--- RECORDS PROVIDED Enclosed Below ---

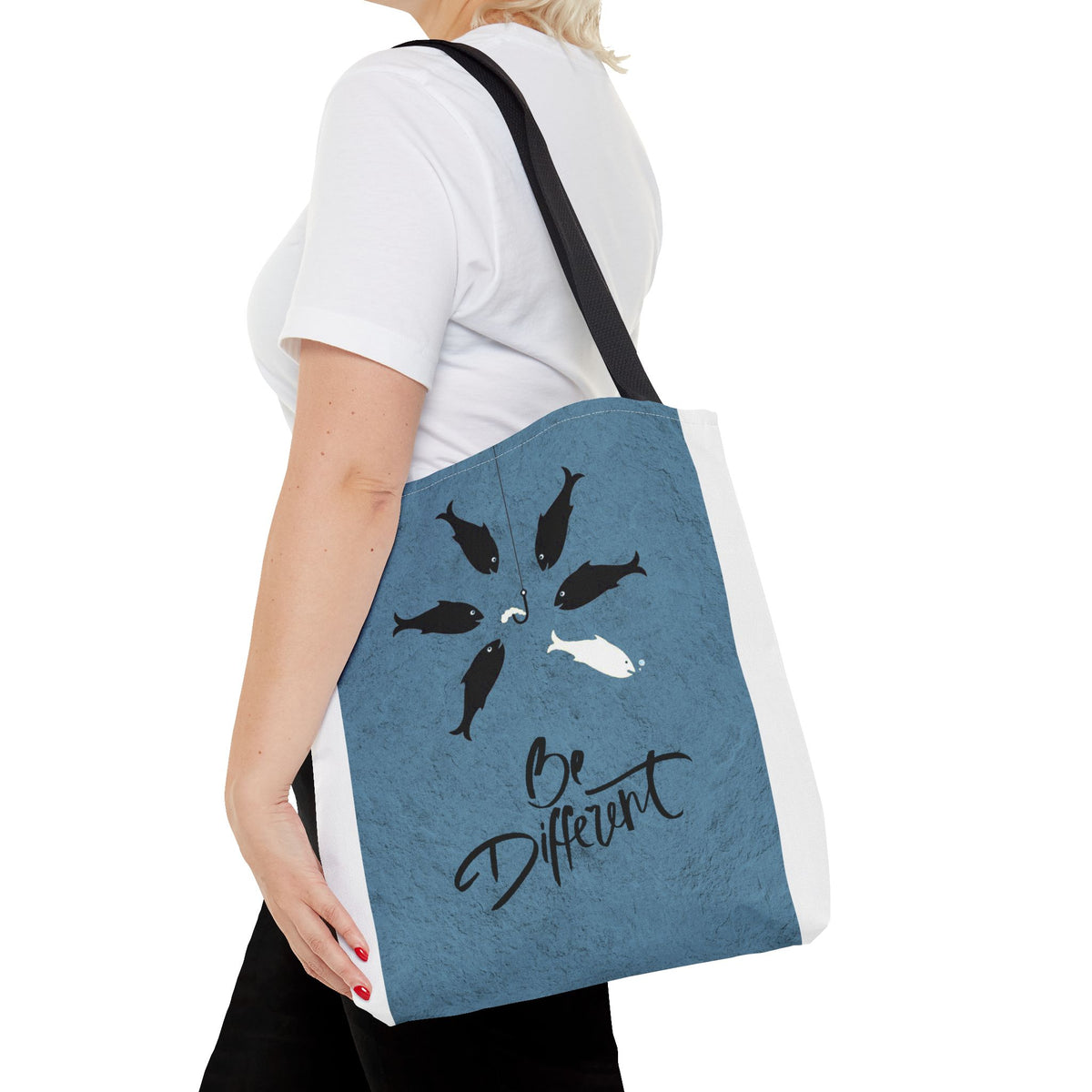 Be Different Whale Tote Bag — Inspirational Ocean Animal Canvas Tote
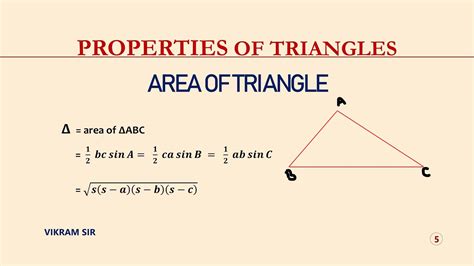 Area Of Triangle Properties Of Triangles Trigonometry Area Of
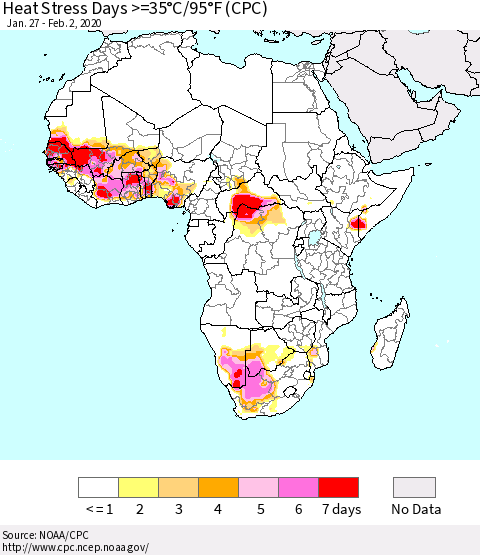 Africa Heat Stress Days >=35°C/95°F (CPC) Thematic Map For 1/27/2020 - 2/2/2020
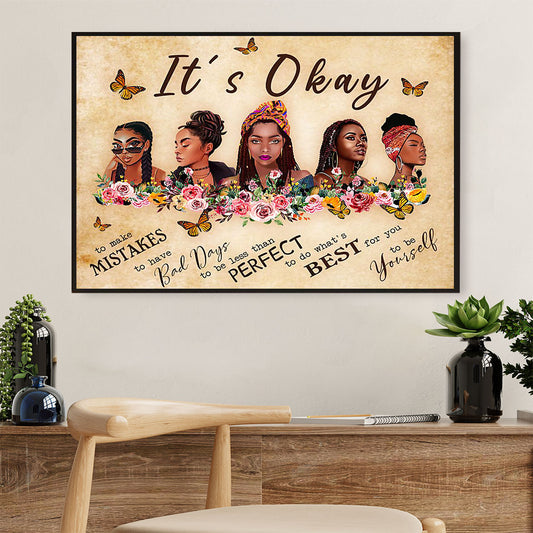 African Americans Afro Poster Prints | Its Okay | Wall Art Black Pride Gift for Black Girl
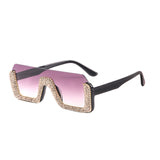 Diamond Rimless Squared  Sunglasses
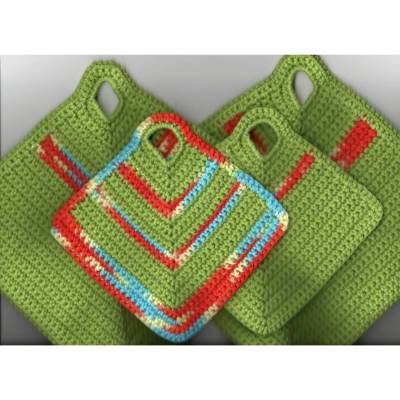 T0119 4 Topflappen 2 x Groß 2 x Kinder gehäkelt 100% Baumwolle Handarbeit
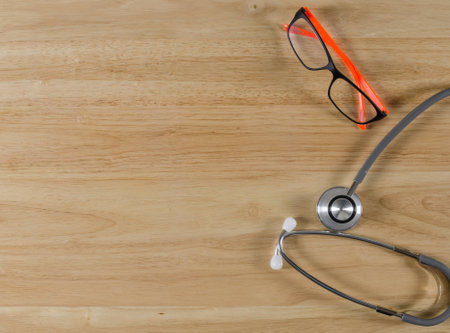 medical concept with copy space on wooden tableの写真素材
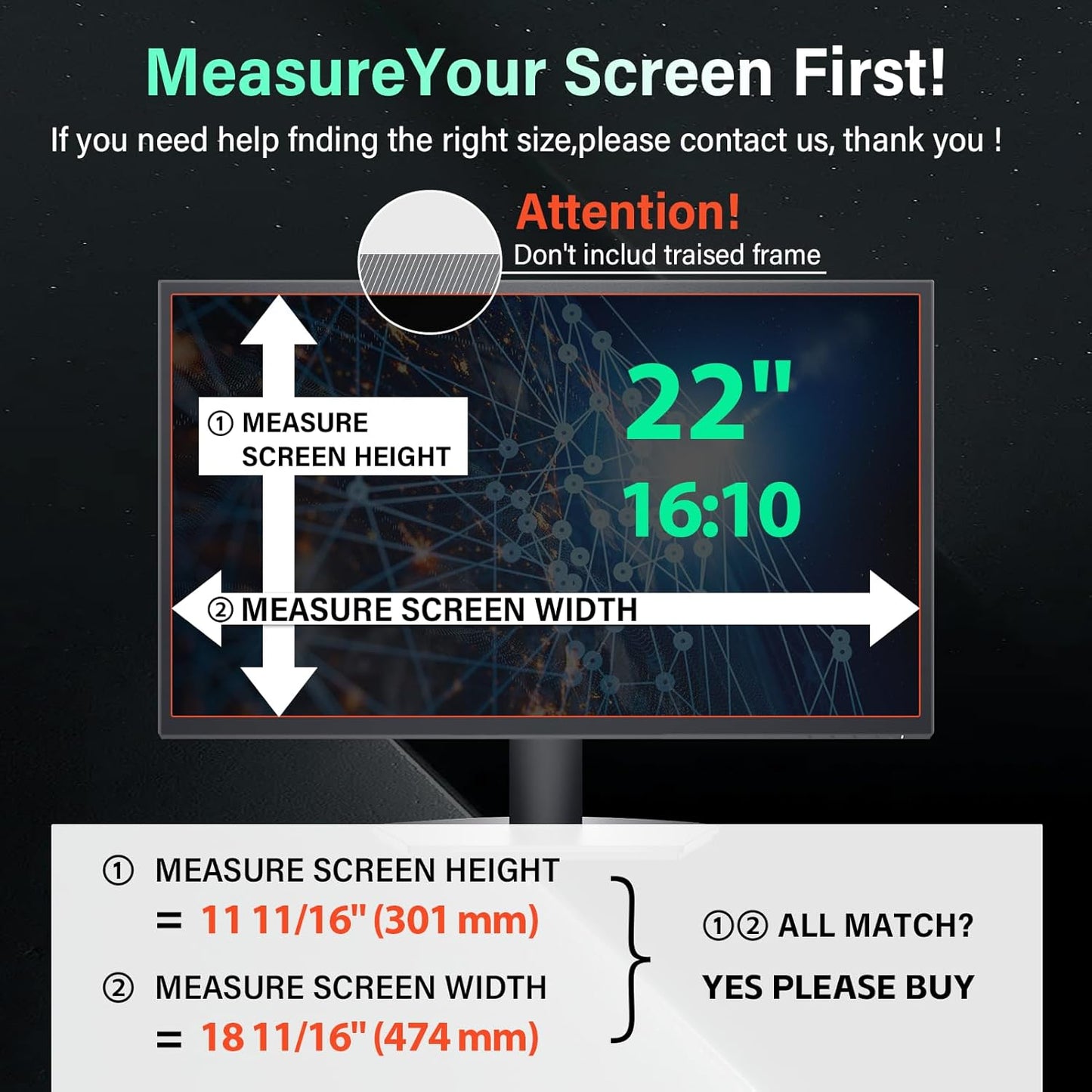 [2 Pack] Magnetic 22 Inch Computer Privacy Screen for 16:10 Aspect Ratio Widescreen Monitor, Hanging Eye Protection Anti Glare Blue Light Computer Monitor Privacy Filter, Removable 22in Protector Film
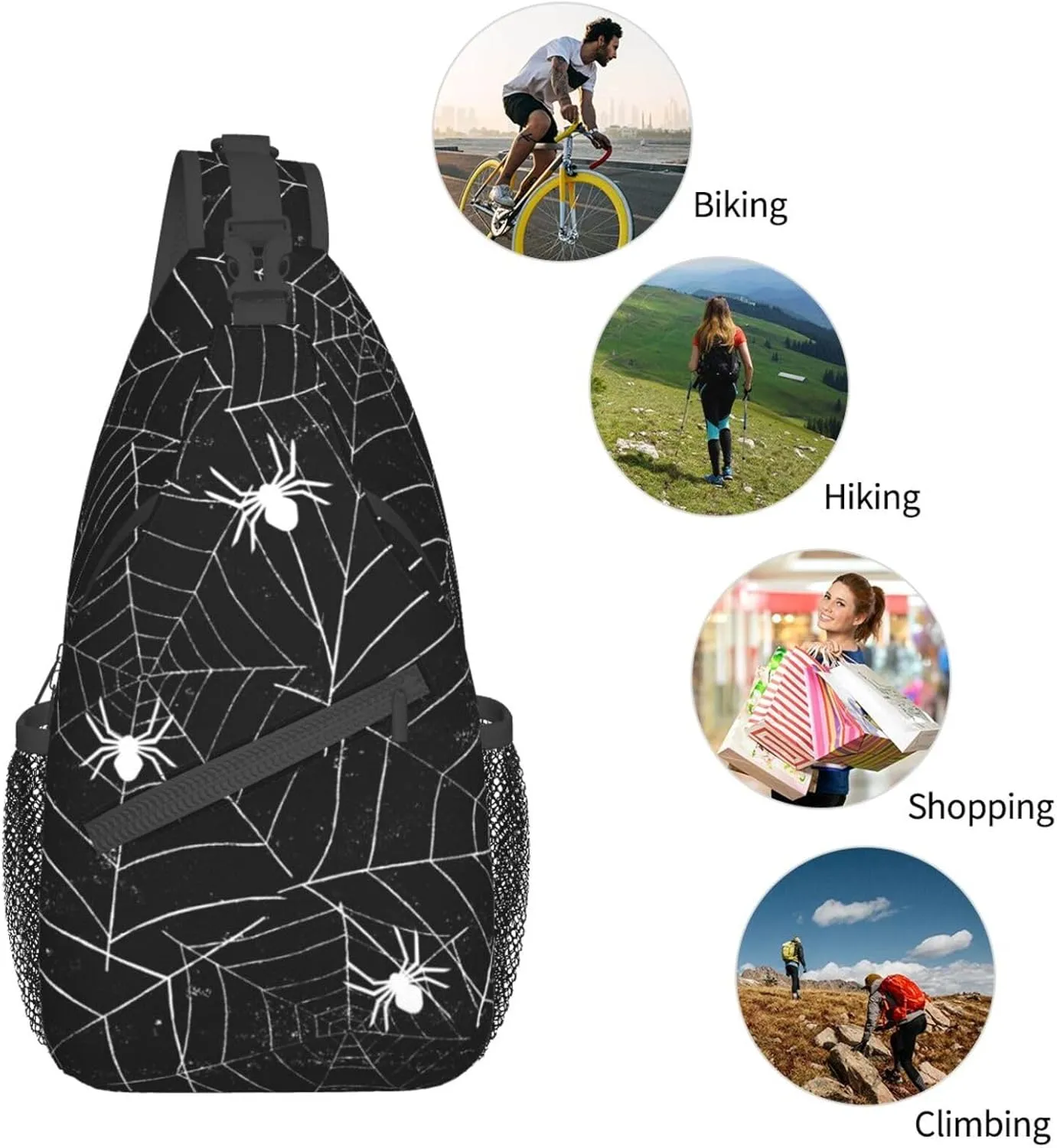 Spider Web Sling Bag for Women Men Seamless Spiderwebs Black and White Grunge Background Crossbody Chest Shoulder Bag Abstract Rough Urban Style Backpack Casual Gym Travel Hiking Daypack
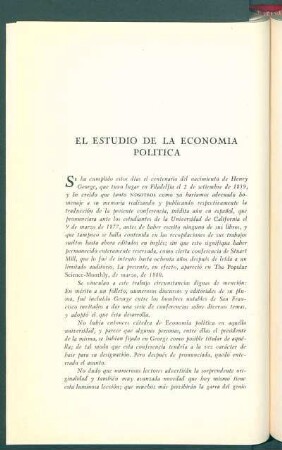 El estudio de la economía política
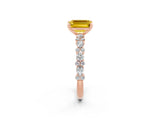 Rose gold Emerald Cut Yellow Sapphire Solitaire with Side Stones, Pave Band, Four-Prong Setting_74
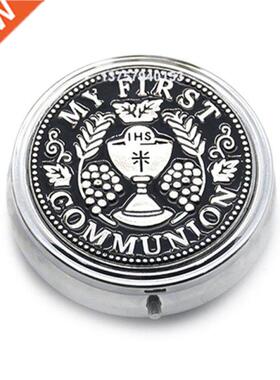 Round Mental Jewelry Box Cosmetic Case Ring Earring Storage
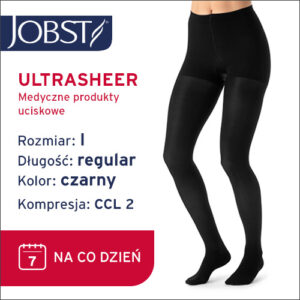 JOBST Rajstopy Ultra Sheer, zamknięte palce, CCL2 Kolor czarny rozm. I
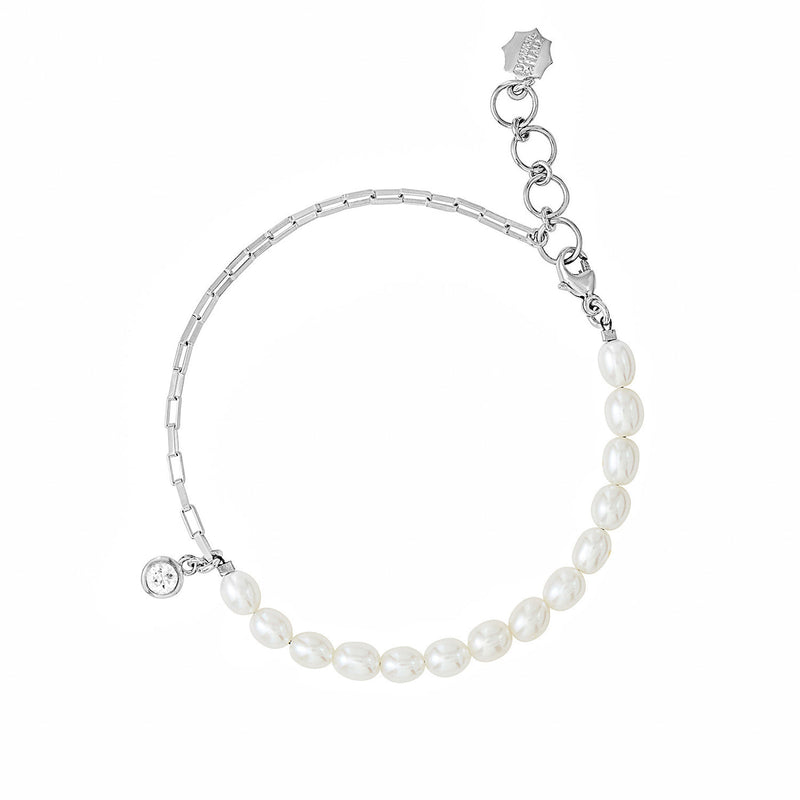 Luna White Pearl, Chain and white topaz drop Bracelet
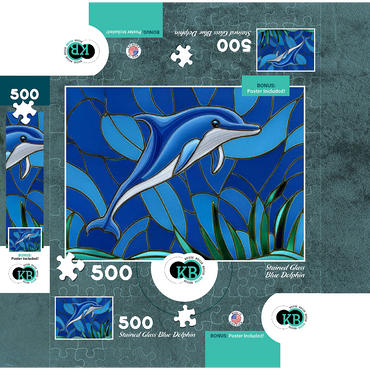 Stained Glass: Blue Dolphin 500 Jigsaw Puzzle box 3D Modell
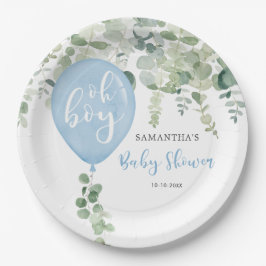 Oh Junge blaue Ballon Junge Babydusche Grün Pappteller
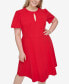 Фото #4 товара Plus Size Keyhole Short-Sleeve Midi Dress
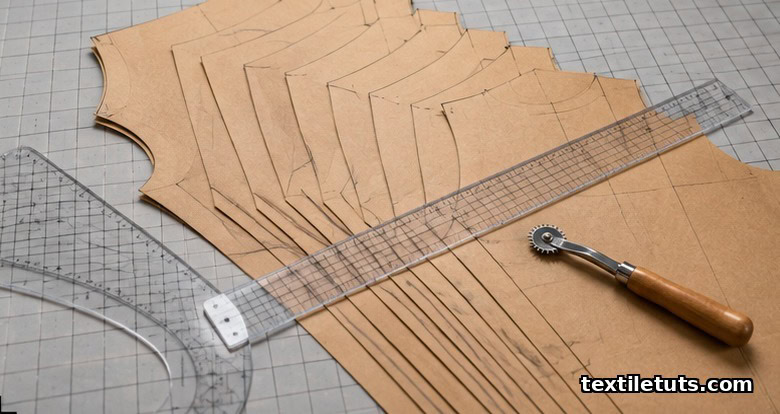 Nested kraft-brown apparel pattern pieces in a stepped size sequence on a gridded cutting table with acrylic rulers.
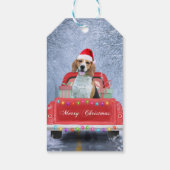 Beagle Dog in sneeuw, met kersttruck Cadeaulabel (Achterkant)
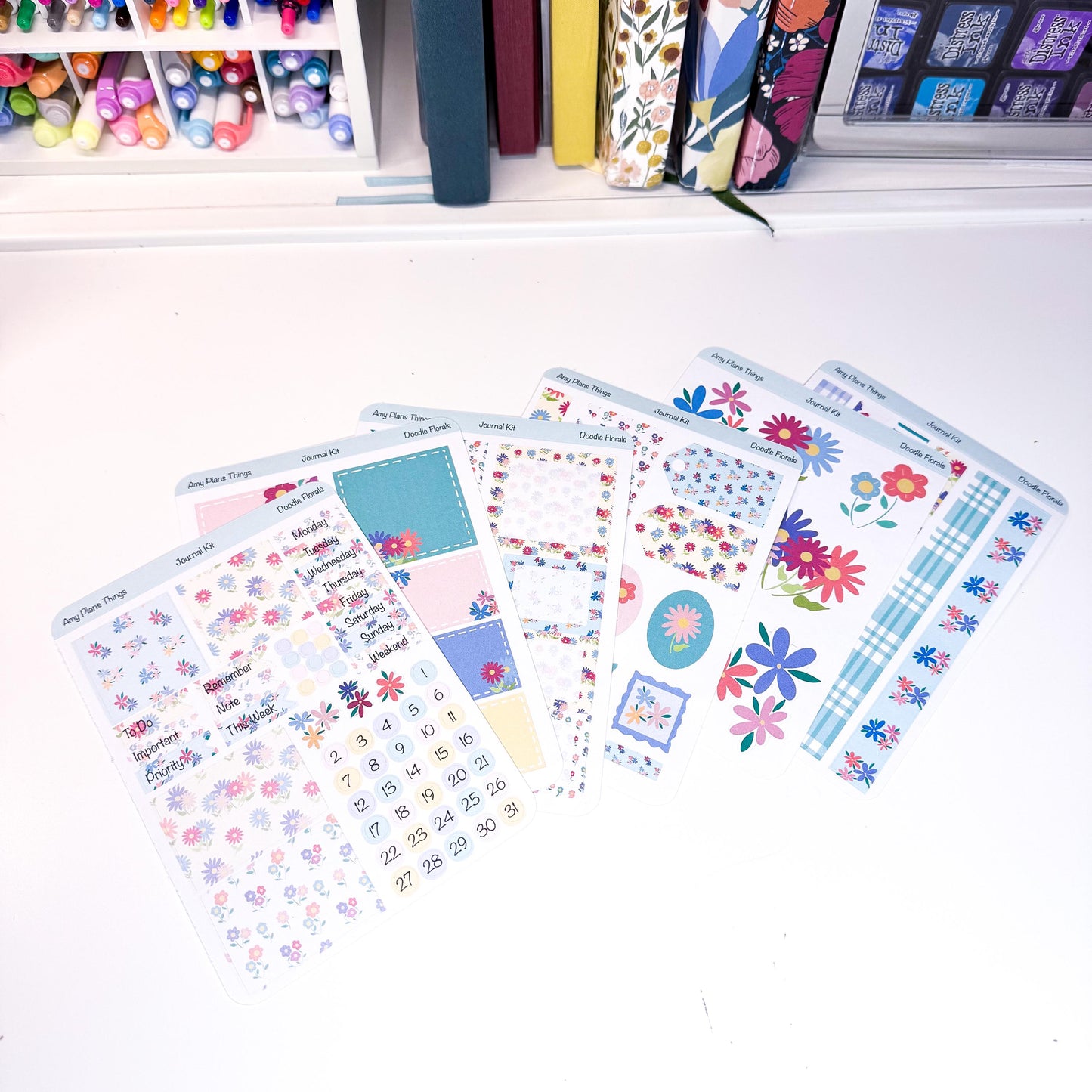 Doodle Florals Printable Journaling Stickers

--- End of Enclosed RECORDS PROVIDED ---

ABOUT THIS EXERCISE: Return the data word for word without its pictures.

WRITTEN ANSWER:
 Be Different Whale Tote Bag — Inspirational Ocean Animal Canvas Tote
 Area Of Triangle Properties Of Triangles Trigonometry Area Of
 Africa Heat Stress Days >=35°C/95°F (CPC) Thematic Map For 1/27/2020 - 2/2/2020
 African Americans Afro Poster Prints | Its Okay | Wall Art Black Pride Gift for Black Girl
 Diamond Rimless Squared  Sunglasses
 T0119 4 Topflappen 2 x Groß 2 x Kinder gehäkelt 100% Baumwolle Handarbeit
 medical concept with copy space on wooden tableの写真素材
 [2 Pack] Magnetic 22 Inch Computer Privacy Screen for 16:10 Aspect Ratio Widescreen Monitor, Hanging Eye Protection Anti Glare Blue Light Computer Monitor Privacy Filter, Removable 22in Protector Film
 Spider Web Sling Bag for Women Men Seamless Spiderwebs Black and White Grunge Background Crossbody Chest Shoulder Bag Abstract Rough Urban Style Backpack Casual Gym Travel Hiking Daypack
 El estudio de la economía política
 Rose gold Emerald Cut Yellow Sapphire Solitaire with Side Stones, Pave Band, Four-Prong Setting_74
 Round Mental Jewelry Box Cosmetic Case Ring Earring Storage
 JOBST Rajstopy Ultra Sheer, zamknięte palce, CCL2 Kolor czarny rozm. I
 Luna White Pearl, Chain and white topaz drop Bracelet
 Stained Glass: Blue Dolphin 500 Jigsaw Puzzle box 3D Modell
 Oh Junge blaue Ballon Junge Babydusche Grün Pappteller
 Фото #4 товара Plus Size Keyhole Short-Sleeve Midi Dress
 Nested kraft-brown apparel pattern pieces in a stepped size sequence on a gridded cutting table with acrylic rulers.
 Beagle Dog in sneeuw, met kersttruck Cadeaulabel (Achterkant)
 Doodle Florals Printable Journaling Stickers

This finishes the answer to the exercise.